I am trying to scrape a given number results from google search, but I so far I came across two problems: one is that I don't know how to join the URLs and the titles inside the same loop, so they can be shown together in the format:
(Title)
(Website URL)
(---------)
(Title)
(Website URL)
(---------)
I somehow managed to achieve this format, but the loop is going on several times, instead of just showing the top 10 results. I believe it's something to do with how I structured the loops to work together, but I don't know how to avoid this.
The other problem is that I want to obtain both main URL and title of each website within search results, but while I managed to get the right titles, I seem to be getting many links coming from the same website, instead of only the main URL. For instance, if I search for "data science", the second or third title shown is from Coursera, while the link is from wikipedia.

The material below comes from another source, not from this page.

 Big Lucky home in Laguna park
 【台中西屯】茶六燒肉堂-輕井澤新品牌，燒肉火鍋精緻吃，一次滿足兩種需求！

I only want the main URL so the title matches the website URL, how do I get it?
Any input will be greatly appreciated
import requests
from bs4 import BeautifulSoup
import re
query = "data science"
search = query.replace(' ', '+')
results = 10
url = (f"https://www.google.com/search?q={search}&num={results}")
requests_results = requests.get(url)
soup_link = BeautifulSoup(requests_results.content, "html.parser")
soup_title = BeautifulSoup(requests_results.text,"html.parser")
links = soup_link.find_all("a")
heading_object=soup_title.find_all( 'h3' )
for link in links:
for info in heading_object:
get_title = info.getText()
link_href = link.get('href')
if "url?q=" in link_href and not "webcache" in link_href:
print(get_title)
print(link.get('href').split("?q=")[1].split("&sa=U")[0])
print("------")